Nun ist es so, dass gegenwärtig die Welt vor einem ganz und gar anderen AUFBRUCH steht. Der Krieg in Europa hat mit einem Schlag unser aller Leben verändert. Abertausende sind im Aufbruch, sind auf der Flucht und wissen nicht – wie in Kafkas „Aufbruch“ – wohin die Reise geht. Ein AUFBRUCH ins Ungewisse.
Vor diesem Hintergrund ein 6-monatiges Theaterfestival zu planen ist eine Herausforderung. Einfach zur Tagesordnung übergehen, würde unserem Motto widersprechen. Und so setzen wir bei diesen sieben Theaterfesten in ebenso vielen steirischen Regionen bewusst Zeichen.
Heiner Müller, dessen Autobiografie "Krieg ohne Schlacht" hiess, hatte sein 1982 uraufgeführtes Macht-Drama "Quartett" mit der Szenenanweisung begonnen: "Salon vor der Französischen Revolution / Bunker nach dem dritten Weltkrieg." Als ihn eine Journalistin vor jetzt vierzig Jahren fragte, ob das mit dem dritten Weltkrieg nicht arg pessimistisch klinge, antwortete der schlaue Dichter: "Aber nein, das ist ein Zeichen meines Optimismus.

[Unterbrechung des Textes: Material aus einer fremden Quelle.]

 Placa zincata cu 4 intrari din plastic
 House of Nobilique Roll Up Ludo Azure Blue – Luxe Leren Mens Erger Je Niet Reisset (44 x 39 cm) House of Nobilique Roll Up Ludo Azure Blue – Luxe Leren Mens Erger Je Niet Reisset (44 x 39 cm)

Ich sage doch, Bunker nach dem dritten Weltkrieg!′" Dieser Sarkasmus trifft unverhofft in unsere aktuelle Stimmung.
QUARTETT zeigen wir bei ARTIGKLASSISCH in Straden. Wir feiern mit Ferdinand Schmalz` JEDERMANN (STIRBT) bei den Theatertagen in Weissenbach eine extravagante Party hinter hohen Mauern, weit weg von der Realität dort draussen und realisieren die Uraufführung von VERFREMDUNG DER VERHEERUNG in einer Kooperation mit dem Movingtheatre Köln beim Werkstatt-Festival in Oberzeiring; ein wilder Theaterabend über die schicksalhafte Verschränkung von Interessen, Absichten und Wirkungen, die den historischen Wechsel von Kriegs- und Friedens-Zeiten begleitet.
Dies sind nur drei von mehr als 100 Projekten, die es 2022 bei den Theaterfesten der Regionen wieder zu sehen geben wird. Traditionellerweise startet der Festivalreigen im Mai mit dem SOMMERTRAUMHAFEN in Wies, das internationale Festival für ein zeitgenössisches Figurentheater.
Lassen Sie uns, im Gedenken an die Opfer dieses und aller Kriege dieser Welt, einen AUFBRUCH in eine friedvolle Zukunft starten.